When the gun was empty, he turned to me with a thumbs-up. “We have a functioning, 3D-printed semi-automatic Glock-style pistol here.”
I screwed the silencer back into place and fired it again. Now the gun acted precisely like the one from the CCTV video of Thompson’s murder: It still didn’t quite cycle, and I had to rack it and tap the back of the slide with every shot. That was likely because, just as with the gun allegedly found on Mangione, the silencer was still preventing the slide from achieving its full range of motion. In fact, watching the surveillance video again, I could now see that there was no hesitation in the shooter’s racking and tapping of the gun—that he was fully prepared to manually cycle it, just as I was doing. I now understood that he had likely practiced at a range just as we were doing and perhaps had even troubleshooted his weapon in exactly the same way we had.
The gun required some troubleshooting and ultimately our test ended when a round got lodged in the barrel. But by then, we had fired it well over 50 times.

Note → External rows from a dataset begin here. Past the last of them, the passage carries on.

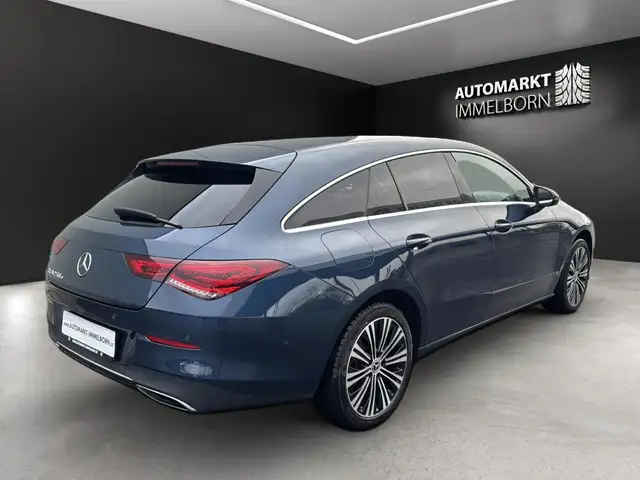 Mercedes-Benz Cla view 3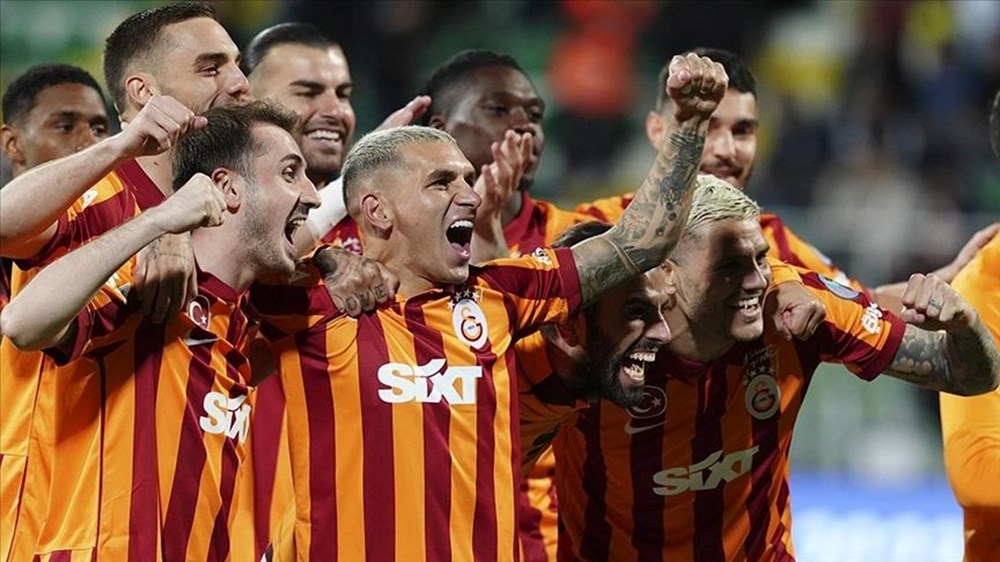 Galatasaray'ın Süper Lig rekorunu kırmasına 1 puan kaldı - 2
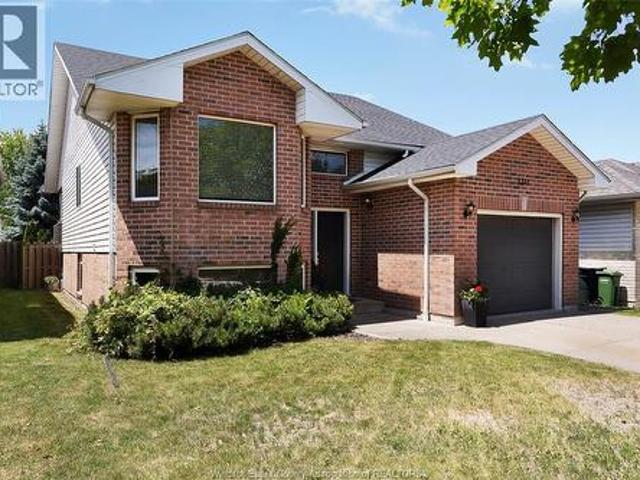 2341 Radcliff, Windsor, ON, N8P 1V5 house for sale | Listing ID 26013 | Royal LePage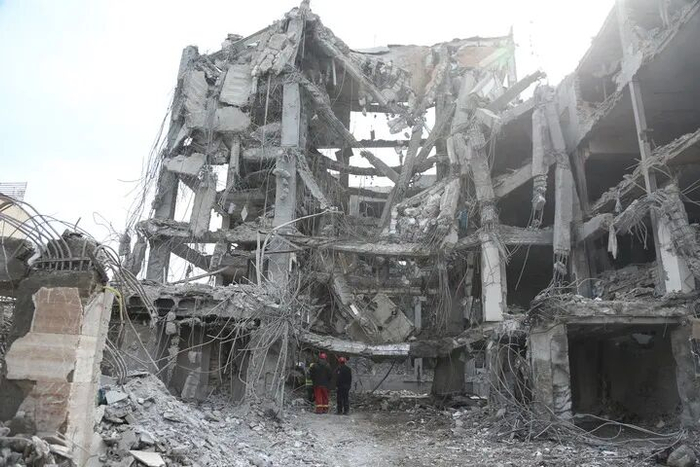 3月12日，在伊朗首都德黑兰，救援人员在受损建筑前工作。新华社记者沙达提 摄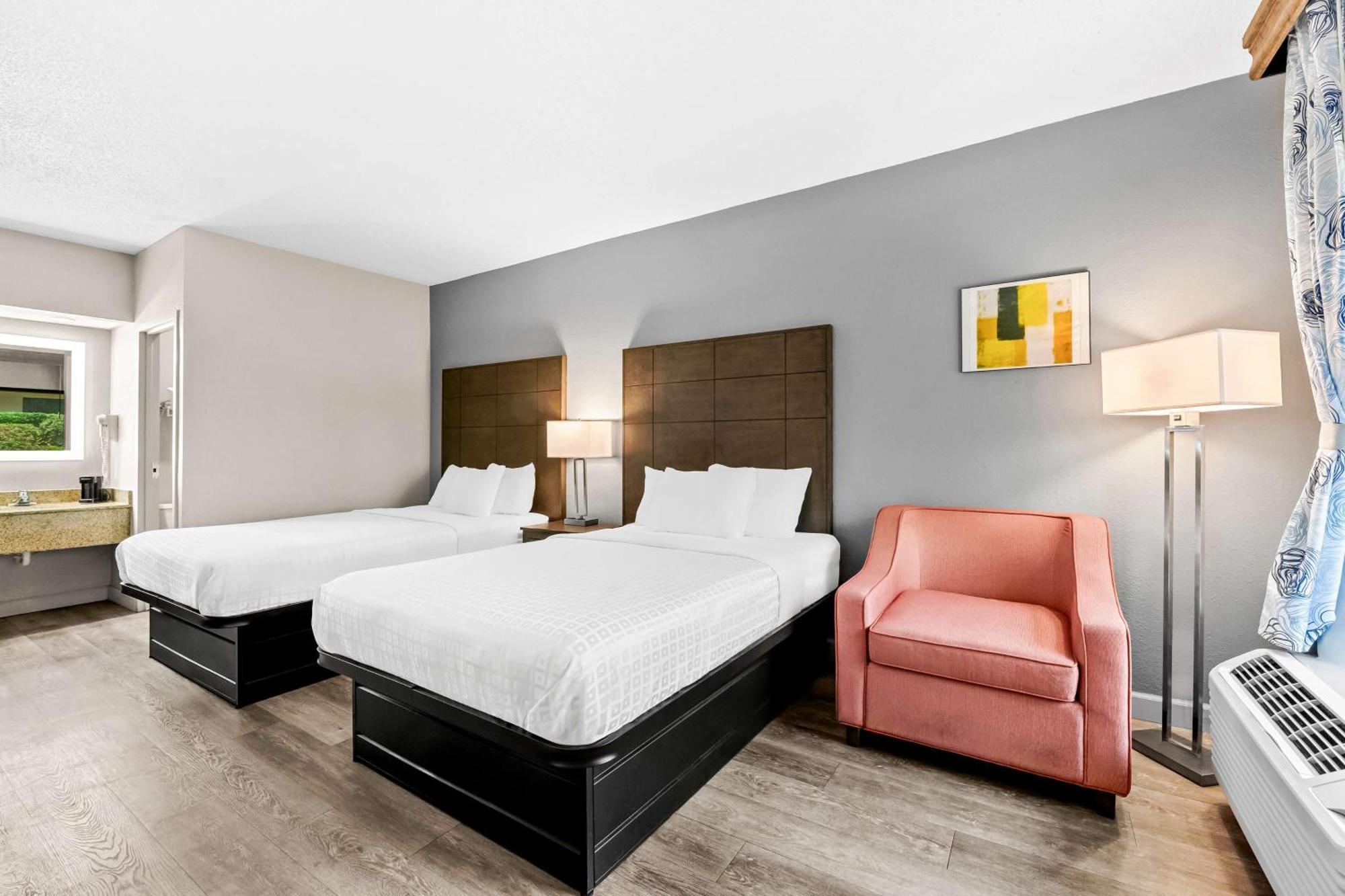 Surestay Plus Hotel By Best Western Southern Pines Pinehurst Ngoại thất bức ảnh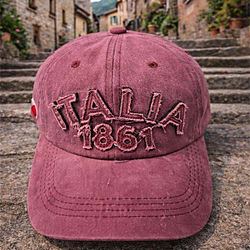 Cappello maroon con ricamo Italia 1861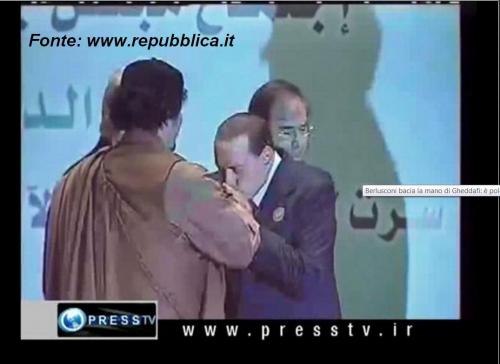 Взлеты и падения Сильвио Берлускони глазами папарацци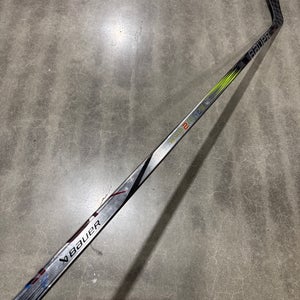 Bauer Vapor Hyperlite 2 Hockey Stick | Senior LH P28 | 61" (Used)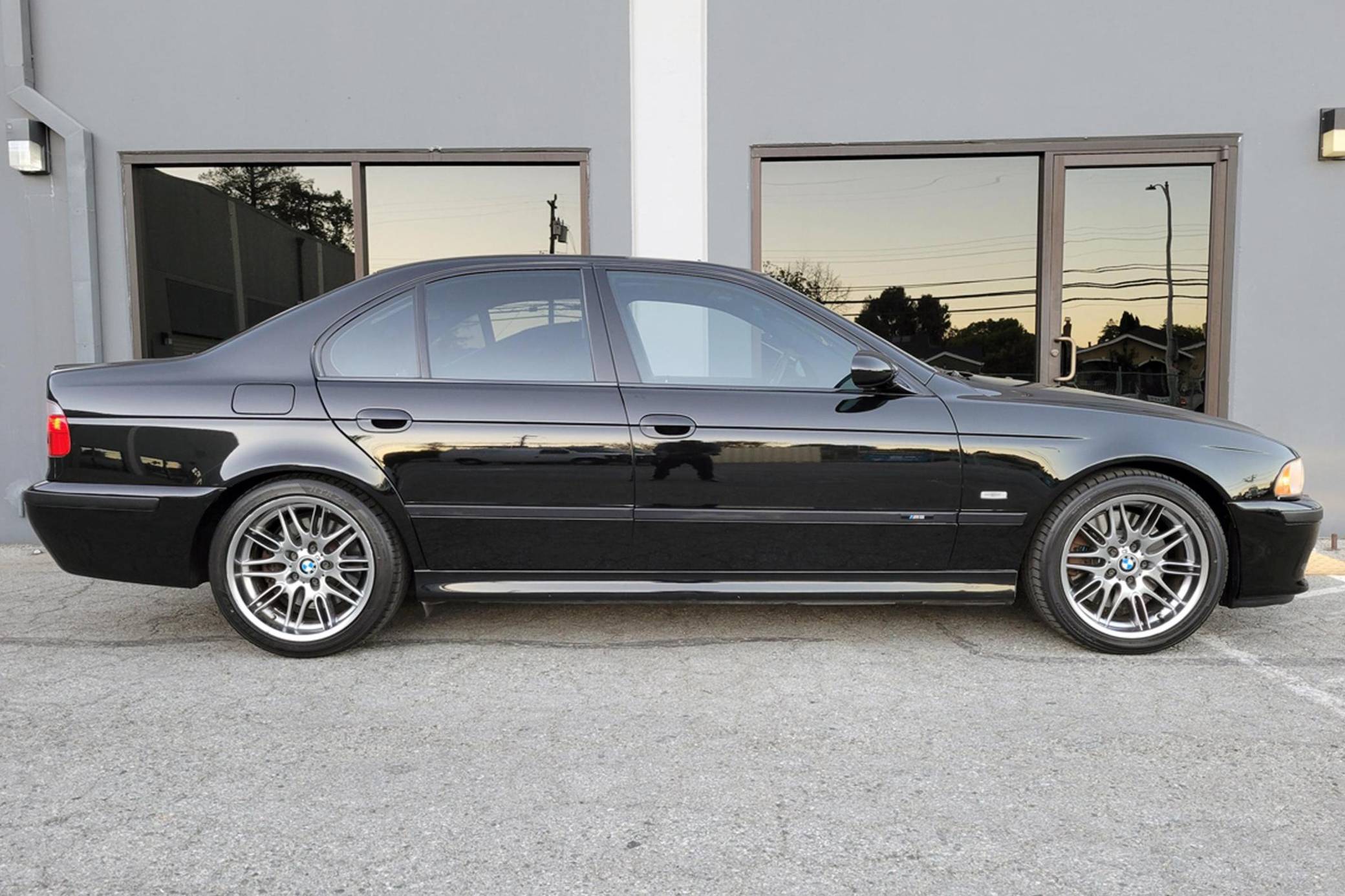 2000 BMW M5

Photograph: Ryan OgbornI fired the gun six more times before it misfired again. On that final, seventh shot, it failed in a new way: A live round actually appeared to have lodged itself into the barrel. It would take some precise surgery to get it out safely. Testing was over.
Despite the gun’s eventual failure, our experiment in building an uncontrollable, lethal weapon had been a success—it had fired more than 50 times in total.
Over the previous half-dozen shots, meanwhile, as the ghost gun replicated precisely the performance of the one in the surveillance video, I had come to a disturbing realization: that I was now experiencing exactly the sensations—the same exact repetitive squeeze of the trigger, recoil, racking and tapping of the slide—that a murderer had felt as he gunned a man down on a Manhattan sidewalk.
Late that night, I turned in my two ghost gun frames to a police station in New Orleans’ French Quarter. After all, they were mine, and I couldn’t legally transfer them to anyone else or fly with them back to New York, where they’re illegal.
When I’d similarly turned over my AR-15 ghost gun lower receivers in 2015, the cops had wordlessly accepted the components without making eye contact, as if I were an insane person. This time, when I explained to the police why I was handing over plastic gun parts, they looked them over curiously and asked me a few questions—but already knew exactly what a ghost gun was.
I wondered what their reaction would be in another 10 years. By then, perhaps, partially and even fully 3D-printed ghost guns will be commonplace. America’s gun control system, after all, has shown no sign of keeping up with the pace of DIY firearm technology. Unless that changes, it’s safe to expect a future with more ghost guns than ever, and more people—like a certain alleged CEO killer—ready to use them.